Enjoy the week ahead!
“Life is 10% what happens to you and 90% how you react to it.” – Charles R. Swindoll
NDS Weekly 5.28.19 – Trade Concerns Continue
May 28, 2019
Equity prices declined for the 5th consecutive week as concerns about trade and tariffs continued to worry the markets. In the U.S., the DJIA, S&P 500 and NASDAQ declined 0.63%, 1.14% and 2.3%, respectively. The best performing sectors last week were utilities, health care and real estate as investors sought shelter in dividend paying stocks. International stocks also declined with the MSCI EAFE down 0.5% and MSCI EM off 0.9%. Investors continued a flight to safety trend as bonds continued to rally. As a result, the rate on the 10 year U.S. Treasury note dropped from 2.39% to 2.32% last week.

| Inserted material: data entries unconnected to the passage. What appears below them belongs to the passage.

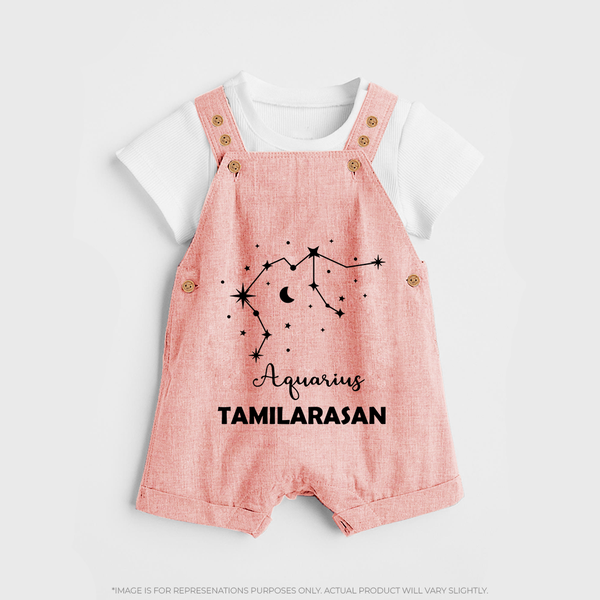 Aquarius Zodiac Constellation  Dungaree - PEACH - 0 - 5 Months Old (Chest 18")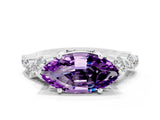 Platinum Marquise Cut Amethyst Scattered Round Accent Ring with Prong Setting_30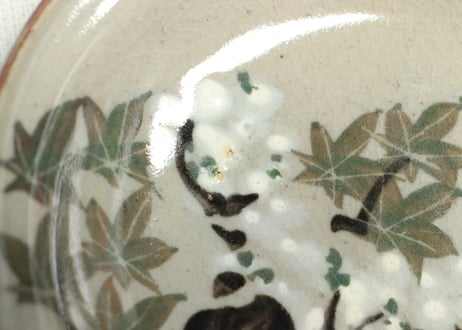 明治後期～大正犬山焼桜と紅葉図小皿②くすみ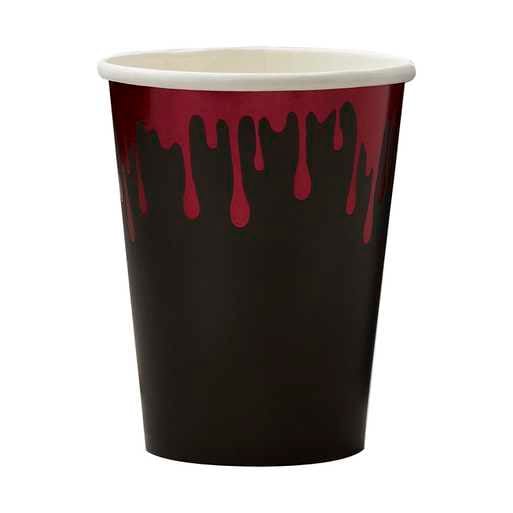 Halloween Cups - Black And Red Blood Drip Halloween Paper Cups - Halloween Party Decorations - Halloween Party Table Accessories - Pack of 8
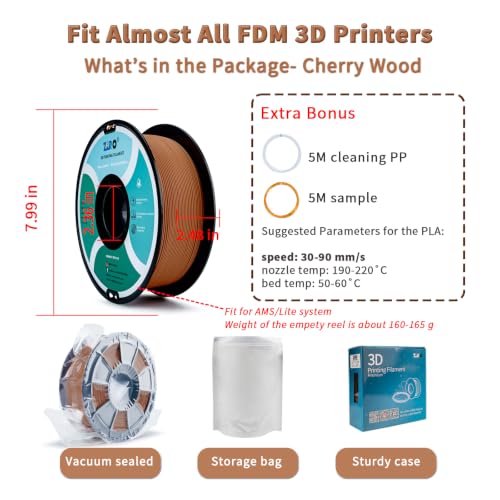 Image of ZIRO 1.75mm PLA Filament, Contain Real Wood Flour, 2.2lbs Cherry Wood | Fit for Most FDM 3D Printer, 1.75mm 1KG Spool, Dimensional Accuracy + /-0.03mm, Colorful PLA FilamenT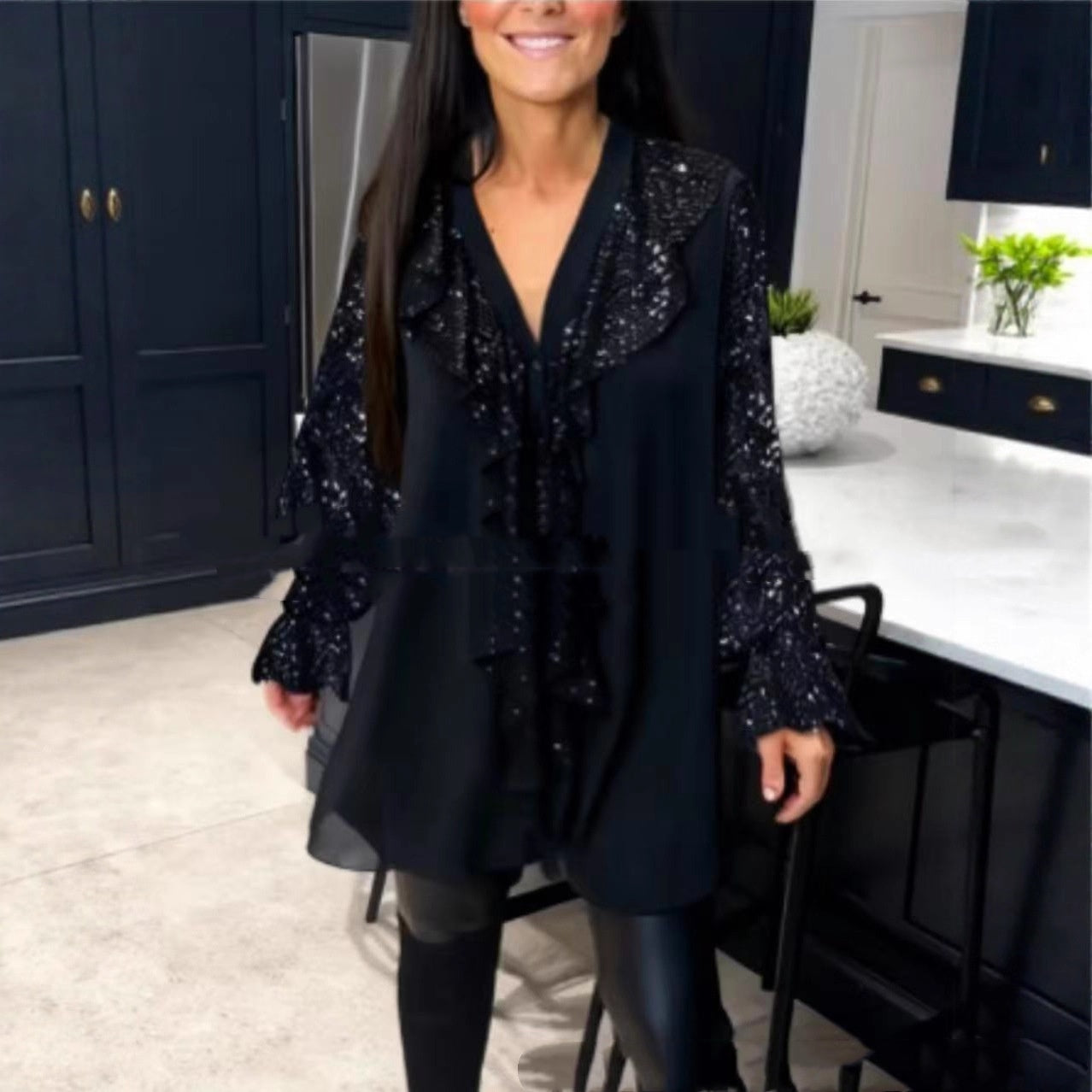 Sequin Patchwork Women's Round Neck Loose Women's Top Versatile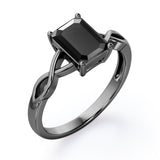 Twisted Infinity 1 Carat Emerald Cut Black Diamond Solitaire Engagement Ring In Rose Gold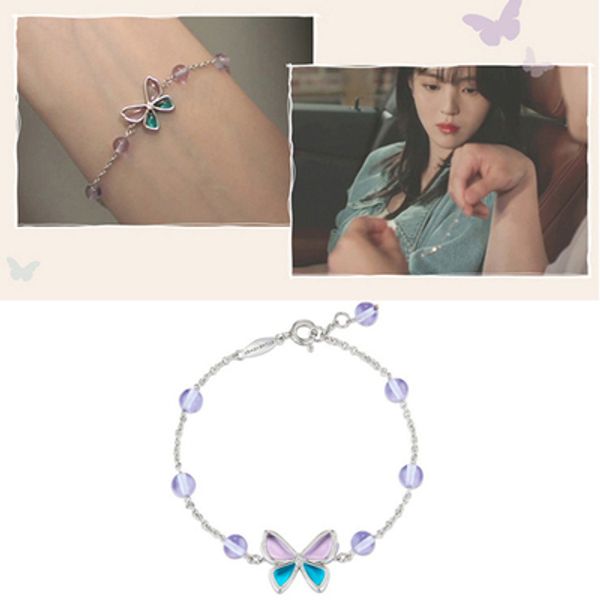 

han so hee nevertheless drama same stone butterfly bracelet korean style elegant crystal jewelry for women girls 220809, Golden;silver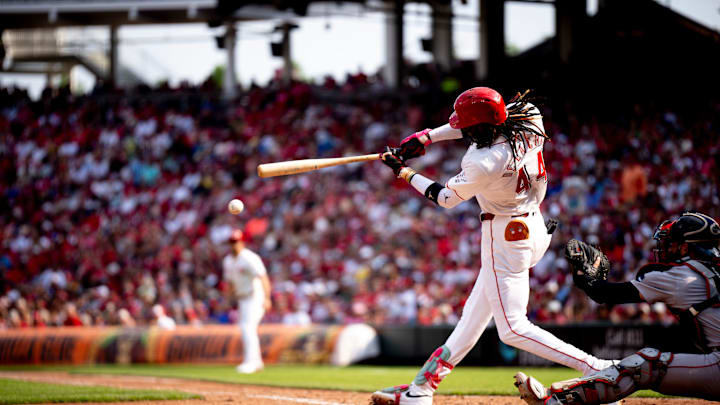 Cincinnati Reds shortstop Elly De La Cruz (44) hits a base hit in the fifth inning of the MLB baseball game between the Cincinnati Reds and the Boston Red Sox at Great American Ball Park in Cincinnati on Saturday, June 22, 2024.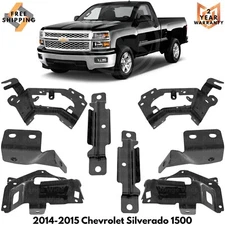 Front Bumper Support & Mount Bracket Set For 2014-2015 Chevrolet Silverado 1500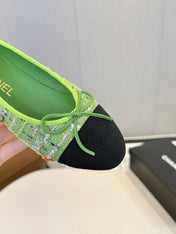 BALLET FLATS IN EMERALD GREEN TWEED AND FABRIC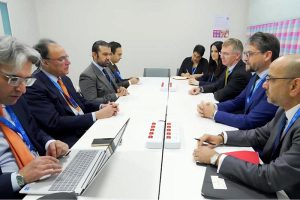 Federal Minister for Finance and Revenue, Senator Muhammad Aurangzeb, meeting with the Abu Dhabi Commercial Bank delegation to discuss financing transactions, infrastructure investment and digital finance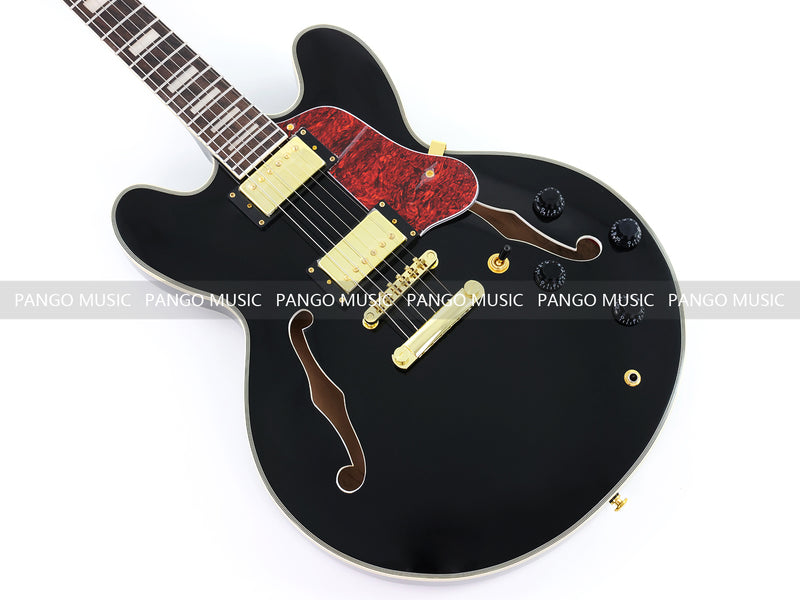 ES335 Style Semi-Hollow Archtop Jazz Electric Guitar with Gloss Black Finish(LRG-075X)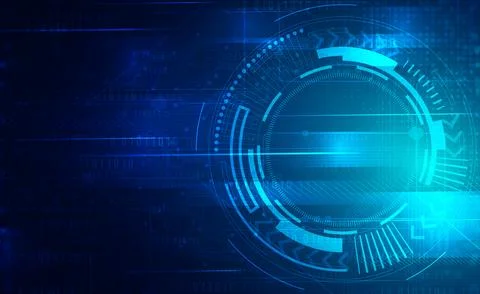 Digital technology big data blue green background cyber security abstract tech Stock Illustration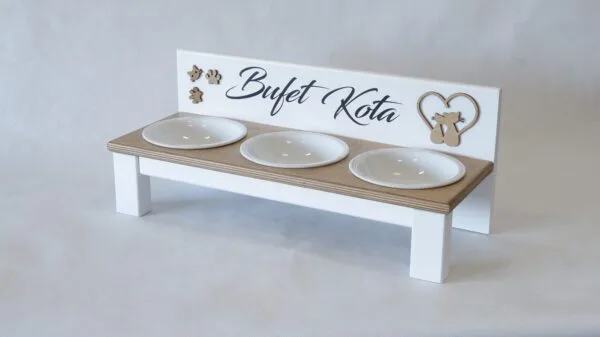Bufet kota Biały + 3 miski Ceramiczne 300 ml. - obrazek 6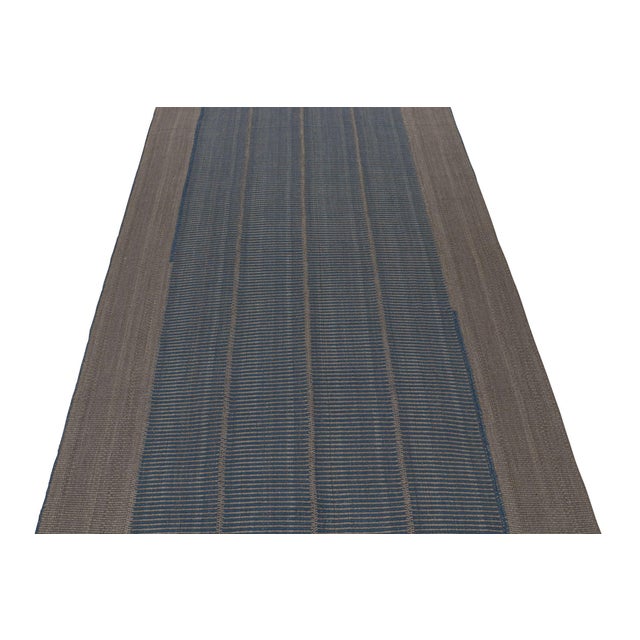 2010s Rug & Kilim’s Contemporary Kilim in Blue and Gray With Stripes & Brown Accents For Sale - Image 5 of 7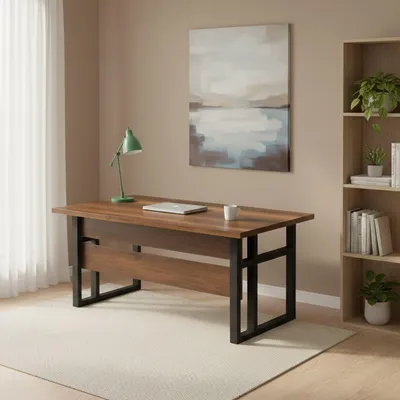 Produktbild von Dmora Schreibtisch Sequals 180x90x73h cm Nussbaum Braun, Kabeldurchführungen, Tischplatte Braun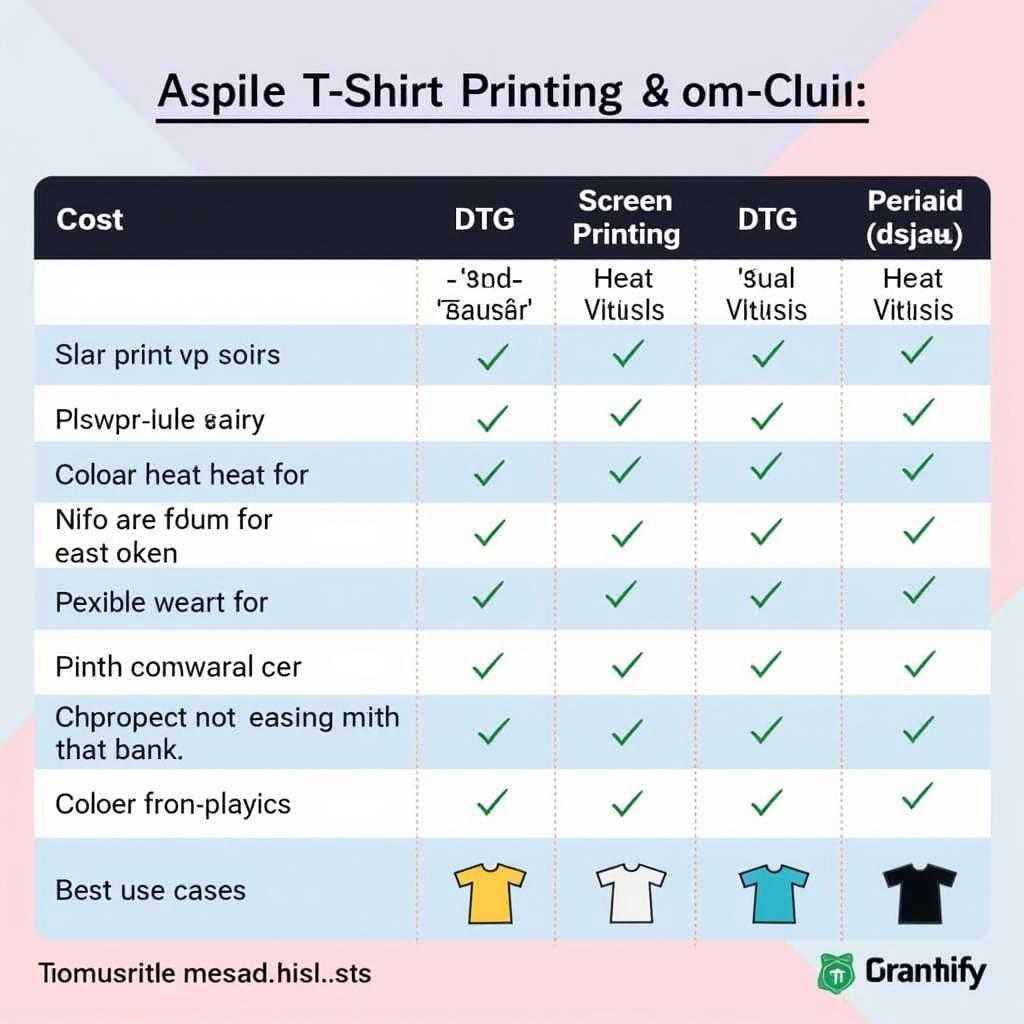 Comparison of various t-shirt printing methods like screen printing, DTG, and heat transfer.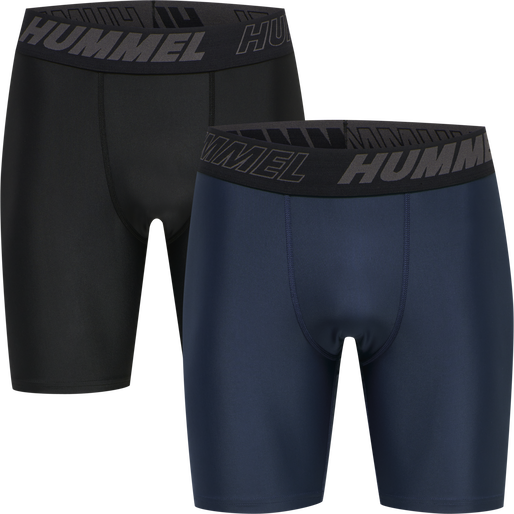 hmlTE TOPAZ 2-PACK TIGHT SHORTS, BLACK, packshot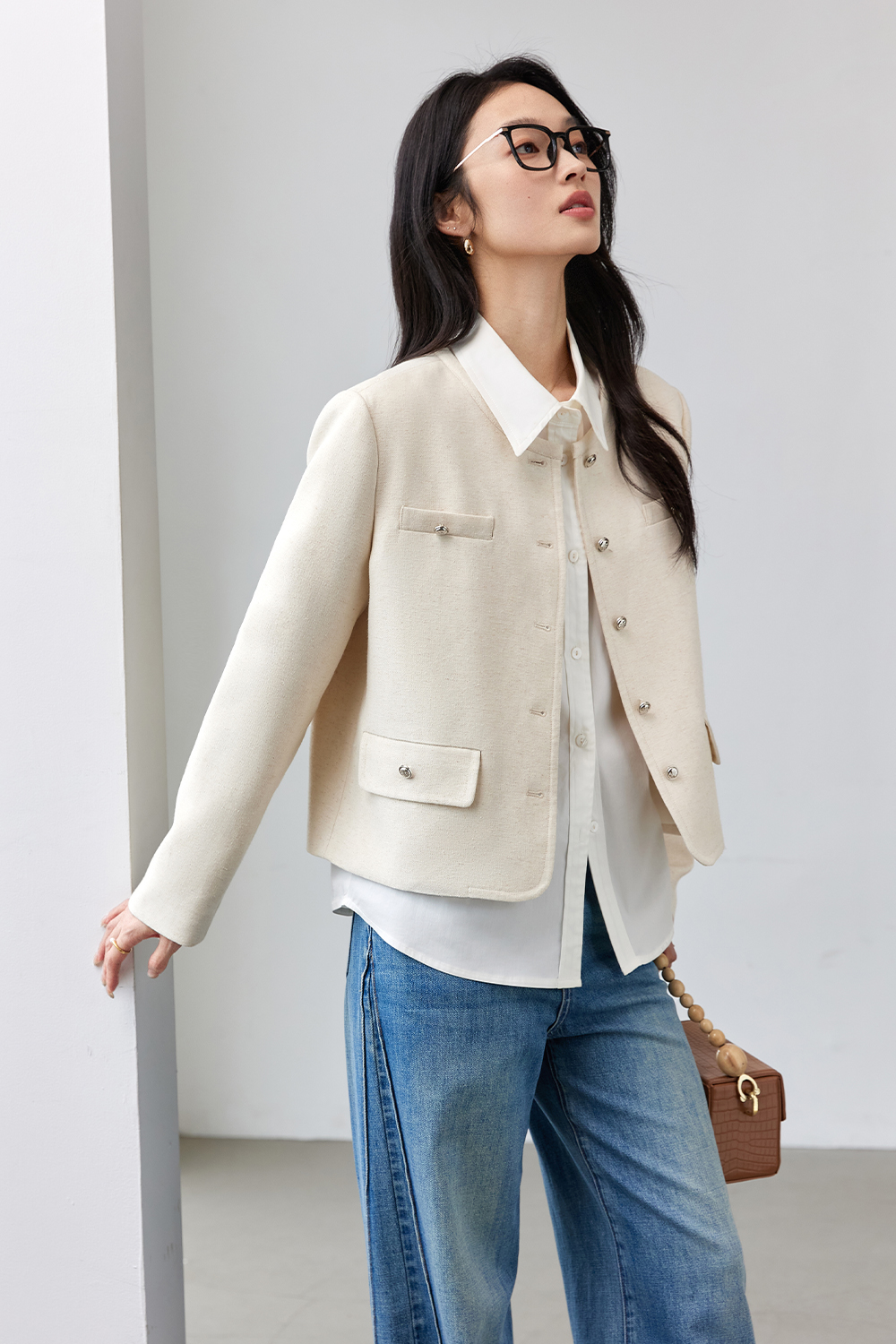 Metal Button Short Jacket-VIMLYSTORE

In economic news last week, durable goods orders dropped 2.1% in April which missed expectations for a 2.0% decline. Additionally, March’s reading was revised lower to a 1.7% advance painting a weaker picture for U.S. factory demand. New and existing homes sales for April came in at 5.19mm and 673k as both missed analysts’ estimates. JPMorgan last week also reduced its 2nd quarter estimate for GDP growth.
This week economic news is on the light side as only reports on consumer sentiment, personal spending and a 3rd revision to 1st quarter GDP are expected. Dividend paying stocks and non-cyclicals such as consumer staples will probably offer some protection if trade uncertainties continue to make equity markets volatile.
Another Memorial Day has come and gone. The official start of summer is here, and the charcoals from cookouts and barbecues are still warm. But let us never forget the real meaning of Memorial Day – to honor those who have gone before us and paid the ultimate price to ensure our freedom and to secure the blessings of liberty.
“We do not know one promise these men made, one pledge they gave, one word they spoke; but we do know they summed up and perfected, by one supreme act, the highest virtues of men and citizens. For love of country they accepted death. And thus resolved all doubts, and made immortal their patriotism and their virtue.”